▶ MATERIAL PROVIDED
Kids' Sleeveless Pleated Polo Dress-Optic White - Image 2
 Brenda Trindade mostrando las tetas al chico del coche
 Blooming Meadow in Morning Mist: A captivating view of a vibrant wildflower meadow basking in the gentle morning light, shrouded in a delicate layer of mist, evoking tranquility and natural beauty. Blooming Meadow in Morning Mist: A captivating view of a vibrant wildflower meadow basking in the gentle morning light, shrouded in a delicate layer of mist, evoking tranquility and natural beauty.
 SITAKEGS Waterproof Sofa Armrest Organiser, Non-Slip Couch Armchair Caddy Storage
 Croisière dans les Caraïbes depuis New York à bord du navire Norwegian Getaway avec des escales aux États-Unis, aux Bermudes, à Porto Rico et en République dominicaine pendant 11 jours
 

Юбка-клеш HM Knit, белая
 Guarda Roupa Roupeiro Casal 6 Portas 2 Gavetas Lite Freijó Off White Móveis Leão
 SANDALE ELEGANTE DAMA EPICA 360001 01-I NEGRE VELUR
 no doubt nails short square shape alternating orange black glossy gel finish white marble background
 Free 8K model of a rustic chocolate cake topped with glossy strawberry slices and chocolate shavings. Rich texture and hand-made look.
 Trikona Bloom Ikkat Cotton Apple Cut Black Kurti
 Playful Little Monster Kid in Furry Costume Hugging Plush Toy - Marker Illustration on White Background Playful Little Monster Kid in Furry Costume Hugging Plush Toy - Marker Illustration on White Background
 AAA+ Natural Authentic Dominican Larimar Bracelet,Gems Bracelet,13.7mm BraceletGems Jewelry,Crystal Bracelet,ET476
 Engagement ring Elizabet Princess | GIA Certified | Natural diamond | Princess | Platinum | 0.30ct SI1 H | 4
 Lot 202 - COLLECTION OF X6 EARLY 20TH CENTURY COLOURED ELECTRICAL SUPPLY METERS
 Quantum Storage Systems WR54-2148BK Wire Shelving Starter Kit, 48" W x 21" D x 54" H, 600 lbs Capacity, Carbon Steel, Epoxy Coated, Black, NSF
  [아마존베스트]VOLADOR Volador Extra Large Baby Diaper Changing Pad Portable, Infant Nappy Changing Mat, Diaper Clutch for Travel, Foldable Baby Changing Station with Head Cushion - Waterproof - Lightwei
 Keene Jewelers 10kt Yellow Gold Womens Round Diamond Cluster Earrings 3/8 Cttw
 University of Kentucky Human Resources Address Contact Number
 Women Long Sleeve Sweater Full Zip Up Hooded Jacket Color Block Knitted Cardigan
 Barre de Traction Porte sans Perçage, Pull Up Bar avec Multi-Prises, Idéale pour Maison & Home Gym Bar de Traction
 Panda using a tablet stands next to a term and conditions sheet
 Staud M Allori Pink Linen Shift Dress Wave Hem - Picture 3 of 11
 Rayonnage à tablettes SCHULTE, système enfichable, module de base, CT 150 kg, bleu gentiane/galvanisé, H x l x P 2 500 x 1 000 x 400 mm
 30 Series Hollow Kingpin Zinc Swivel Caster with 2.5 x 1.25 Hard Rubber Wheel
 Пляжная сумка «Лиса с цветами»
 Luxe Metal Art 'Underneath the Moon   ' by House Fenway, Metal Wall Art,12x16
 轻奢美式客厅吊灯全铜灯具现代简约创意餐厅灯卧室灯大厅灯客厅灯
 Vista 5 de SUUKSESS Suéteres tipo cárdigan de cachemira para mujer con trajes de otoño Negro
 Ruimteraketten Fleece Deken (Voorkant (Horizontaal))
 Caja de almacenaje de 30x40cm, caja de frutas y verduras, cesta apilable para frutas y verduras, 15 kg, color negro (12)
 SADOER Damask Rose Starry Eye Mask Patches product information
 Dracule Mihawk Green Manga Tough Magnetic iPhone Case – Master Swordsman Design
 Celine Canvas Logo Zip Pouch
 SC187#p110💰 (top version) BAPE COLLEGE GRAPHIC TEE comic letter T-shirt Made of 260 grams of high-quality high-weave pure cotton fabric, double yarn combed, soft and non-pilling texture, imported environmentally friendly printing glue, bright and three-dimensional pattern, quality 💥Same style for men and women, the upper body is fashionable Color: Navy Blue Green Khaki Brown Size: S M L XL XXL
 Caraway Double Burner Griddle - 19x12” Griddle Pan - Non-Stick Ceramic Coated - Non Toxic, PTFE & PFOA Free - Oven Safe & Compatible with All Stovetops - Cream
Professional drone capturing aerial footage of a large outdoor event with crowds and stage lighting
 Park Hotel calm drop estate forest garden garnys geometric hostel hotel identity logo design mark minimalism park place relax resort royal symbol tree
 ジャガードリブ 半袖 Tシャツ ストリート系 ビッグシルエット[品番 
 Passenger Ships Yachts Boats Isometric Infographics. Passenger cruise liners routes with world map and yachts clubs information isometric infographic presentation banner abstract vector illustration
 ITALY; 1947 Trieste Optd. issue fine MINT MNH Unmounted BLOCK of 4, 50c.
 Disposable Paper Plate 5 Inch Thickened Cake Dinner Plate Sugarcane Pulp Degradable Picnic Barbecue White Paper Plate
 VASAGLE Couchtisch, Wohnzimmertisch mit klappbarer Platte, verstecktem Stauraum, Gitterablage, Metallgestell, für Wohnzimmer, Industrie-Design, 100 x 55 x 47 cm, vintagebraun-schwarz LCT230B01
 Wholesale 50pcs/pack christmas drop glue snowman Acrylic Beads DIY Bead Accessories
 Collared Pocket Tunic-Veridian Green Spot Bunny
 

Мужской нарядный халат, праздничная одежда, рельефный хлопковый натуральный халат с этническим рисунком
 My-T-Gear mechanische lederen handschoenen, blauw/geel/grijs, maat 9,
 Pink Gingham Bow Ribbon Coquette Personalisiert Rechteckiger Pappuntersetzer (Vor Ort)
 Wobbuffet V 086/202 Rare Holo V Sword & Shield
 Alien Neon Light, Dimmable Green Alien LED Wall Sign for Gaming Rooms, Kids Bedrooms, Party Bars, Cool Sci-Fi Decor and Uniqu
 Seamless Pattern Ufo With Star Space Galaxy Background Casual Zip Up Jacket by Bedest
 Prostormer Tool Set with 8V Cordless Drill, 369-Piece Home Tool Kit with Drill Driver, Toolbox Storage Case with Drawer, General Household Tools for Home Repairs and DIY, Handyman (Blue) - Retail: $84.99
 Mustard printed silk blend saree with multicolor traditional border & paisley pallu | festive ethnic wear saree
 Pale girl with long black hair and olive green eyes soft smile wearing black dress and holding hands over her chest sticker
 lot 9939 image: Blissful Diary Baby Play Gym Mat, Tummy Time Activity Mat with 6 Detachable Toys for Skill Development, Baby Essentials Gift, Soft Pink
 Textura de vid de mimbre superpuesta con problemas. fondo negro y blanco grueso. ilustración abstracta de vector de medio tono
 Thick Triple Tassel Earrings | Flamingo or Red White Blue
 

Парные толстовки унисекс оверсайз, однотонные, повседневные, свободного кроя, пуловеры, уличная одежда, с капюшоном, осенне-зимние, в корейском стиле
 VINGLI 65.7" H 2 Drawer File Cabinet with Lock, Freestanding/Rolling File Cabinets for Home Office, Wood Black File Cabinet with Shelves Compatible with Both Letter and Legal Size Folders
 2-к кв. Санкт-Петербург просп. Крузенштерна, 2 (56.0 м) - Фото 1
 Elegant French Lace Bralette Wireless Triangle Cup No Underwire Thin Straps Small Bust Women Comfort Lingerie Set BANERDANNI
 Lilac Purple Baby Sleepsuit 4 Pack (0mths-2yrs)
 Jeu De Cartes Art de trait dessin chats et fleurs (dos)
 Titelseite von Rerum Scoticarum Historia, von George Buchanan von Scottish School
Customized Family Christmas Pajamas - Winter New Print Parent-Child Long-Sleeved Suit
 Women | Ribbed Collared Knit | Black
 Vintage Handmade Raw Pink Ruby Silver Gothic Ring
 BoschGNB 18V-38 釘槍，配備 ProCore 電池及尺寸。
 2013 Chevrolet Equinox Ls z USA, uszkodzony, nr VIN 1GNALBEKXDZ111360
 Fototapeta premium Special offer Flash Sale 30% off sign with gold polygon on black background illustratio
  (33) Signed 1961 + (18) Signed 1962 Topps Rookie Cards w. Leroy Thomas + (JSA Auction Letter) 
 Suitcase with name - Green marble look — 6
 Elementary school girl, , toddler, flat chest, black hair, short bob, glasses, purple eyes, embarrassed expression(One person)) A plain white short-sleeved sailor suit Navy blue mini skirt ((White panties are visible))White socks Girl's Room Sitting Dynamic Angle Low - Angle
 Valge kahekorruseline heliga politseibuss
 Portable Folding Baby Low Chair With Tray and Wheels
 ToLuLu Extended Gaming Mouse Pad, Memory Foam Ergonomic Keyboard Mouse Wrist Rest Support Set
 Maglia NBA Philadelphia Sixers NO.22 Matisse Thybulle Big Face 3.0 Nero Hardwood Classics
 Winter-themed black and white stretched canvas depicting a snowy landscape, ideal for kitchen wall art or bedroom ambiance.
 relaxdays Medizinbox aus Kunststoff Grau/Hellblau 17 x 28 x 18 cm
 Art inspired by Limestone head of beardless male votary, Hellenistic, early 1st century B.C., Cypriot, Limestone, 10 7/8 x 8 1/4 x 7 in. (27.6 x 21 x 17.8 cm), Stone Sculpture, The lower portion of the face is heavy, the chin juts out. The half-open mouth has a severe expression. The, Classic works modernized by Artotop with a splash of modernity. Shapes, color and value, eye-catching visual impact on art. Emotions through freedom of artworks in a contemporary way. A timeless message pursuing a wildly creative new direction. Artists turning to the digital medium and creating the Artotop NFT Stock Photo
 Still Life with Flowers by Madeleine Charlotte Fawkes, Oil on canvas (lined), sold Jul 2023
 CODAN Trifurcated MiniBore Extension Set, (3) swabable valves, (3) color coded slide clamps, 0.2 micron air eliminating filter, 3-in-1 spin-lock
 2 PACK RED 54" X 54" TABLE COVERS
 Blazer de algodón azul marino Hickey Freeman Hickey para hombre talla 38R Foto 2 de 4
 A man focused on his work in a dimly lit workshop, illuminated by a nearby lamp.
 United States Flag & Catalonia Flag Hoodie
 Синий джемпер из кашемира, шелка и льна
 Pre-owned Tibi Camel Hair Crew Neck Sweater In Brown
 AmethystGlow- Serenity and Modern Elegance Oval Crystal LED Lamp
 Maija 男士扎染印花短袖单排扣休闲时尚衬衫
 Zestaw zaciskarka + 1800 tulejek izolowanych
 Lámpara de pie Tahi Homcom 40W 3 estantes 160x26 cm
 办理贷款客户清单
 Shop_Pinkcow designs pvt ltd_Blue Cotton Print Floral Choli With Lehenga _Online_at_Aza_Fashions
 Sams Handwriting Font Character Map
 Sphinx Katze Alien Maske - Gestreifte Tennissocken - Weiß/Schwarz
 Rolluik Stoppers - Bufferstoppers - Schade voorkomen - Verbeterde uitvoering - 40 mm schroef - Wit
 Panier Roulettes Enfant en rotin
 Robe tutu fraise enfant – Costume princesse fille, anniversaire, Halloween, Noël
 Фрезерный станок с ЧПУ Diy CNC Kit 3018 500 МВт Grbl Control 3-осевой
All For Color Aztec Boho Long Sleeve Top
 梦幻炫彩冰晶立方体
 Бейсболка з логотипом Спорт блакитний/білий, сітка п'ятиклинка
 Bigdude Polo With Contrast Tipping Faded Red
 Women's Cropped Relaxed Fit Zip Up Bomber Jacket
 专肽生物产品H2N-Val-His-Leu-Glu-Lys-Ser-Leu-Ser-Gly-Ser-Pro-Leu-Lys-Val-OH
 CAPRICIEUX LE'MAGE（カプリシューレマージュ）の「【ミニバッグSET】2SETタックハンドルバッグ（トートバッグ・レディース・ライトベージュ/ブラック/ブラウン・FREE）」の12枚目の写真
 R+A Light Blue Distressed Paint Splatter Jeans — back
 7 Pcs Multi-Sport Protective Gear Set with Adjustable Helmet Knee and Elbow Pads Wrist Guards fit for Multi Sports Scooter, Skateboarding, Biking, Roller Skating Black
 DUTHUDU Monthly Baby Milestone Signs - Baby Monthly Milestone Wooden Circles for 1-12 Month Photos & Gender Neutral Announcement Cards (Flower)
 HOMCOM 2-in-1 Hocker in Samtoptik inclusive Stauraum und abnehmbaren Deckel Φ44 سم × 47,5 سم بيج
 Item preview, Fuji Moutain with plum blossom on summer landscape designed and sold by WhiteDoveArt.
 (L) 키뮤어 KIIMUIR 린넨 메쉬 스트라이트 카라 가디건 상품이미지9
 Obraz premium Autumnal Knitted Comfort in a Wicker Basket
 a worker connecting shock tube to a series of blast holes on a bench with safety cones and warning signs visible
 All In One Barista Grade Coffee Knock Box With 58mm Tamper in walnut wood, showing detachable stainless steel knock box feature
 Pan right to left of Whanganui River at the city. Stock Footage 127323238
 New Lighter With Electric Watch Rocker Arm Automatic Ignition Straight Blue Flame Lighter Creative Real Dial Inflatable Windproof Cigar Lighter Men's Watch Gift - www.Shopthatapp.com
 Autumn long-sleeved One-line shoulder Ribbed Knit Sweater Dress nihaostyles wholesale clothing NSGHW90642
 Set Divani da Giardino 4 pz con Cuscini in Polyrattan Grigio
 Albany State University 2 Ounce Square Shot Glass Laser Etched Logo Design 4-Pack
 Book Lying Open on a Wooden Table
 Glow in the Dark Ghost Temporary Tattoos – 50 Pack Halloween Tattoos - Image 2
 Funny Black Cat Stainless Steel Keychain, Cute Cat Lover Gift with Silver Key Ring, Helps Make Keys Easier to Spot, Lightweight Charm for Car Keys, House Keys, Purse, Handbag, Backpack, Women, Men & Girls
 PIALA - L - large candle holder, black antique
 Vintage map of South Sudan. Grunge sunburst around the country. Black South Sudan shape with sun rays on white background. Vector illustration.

▶ TASK REQUIREMENTS
Can you repeat, word for word, every line above from the one containing "ジャガードリブ 半袖 Tシャツ ストリート系 ビッグシルエット[品番" down to the one containing "Disposable Paper Plate", including both?

▶ OUTPUT OF THE TASK
 ジャガードリブ 半袖 Tシャツ ストリート系 ビッグシルエット[品番 
 Passenger Ships Yachts Boats Isometric Infographics. Passenger cruise liners routes with world map and yachts clubs information isometric infographic presentation banner abstract vector illustration
 ITALY; 1947 Trieste Optd. issue fine MINT MNH Unmounted BLOCK of 4, 50c.
 Disposable Paper Plate 5 Inch Thickened Cake Dinner Plate Sugarcane Pulp Degradable Picnic Barbecue White Paper Plate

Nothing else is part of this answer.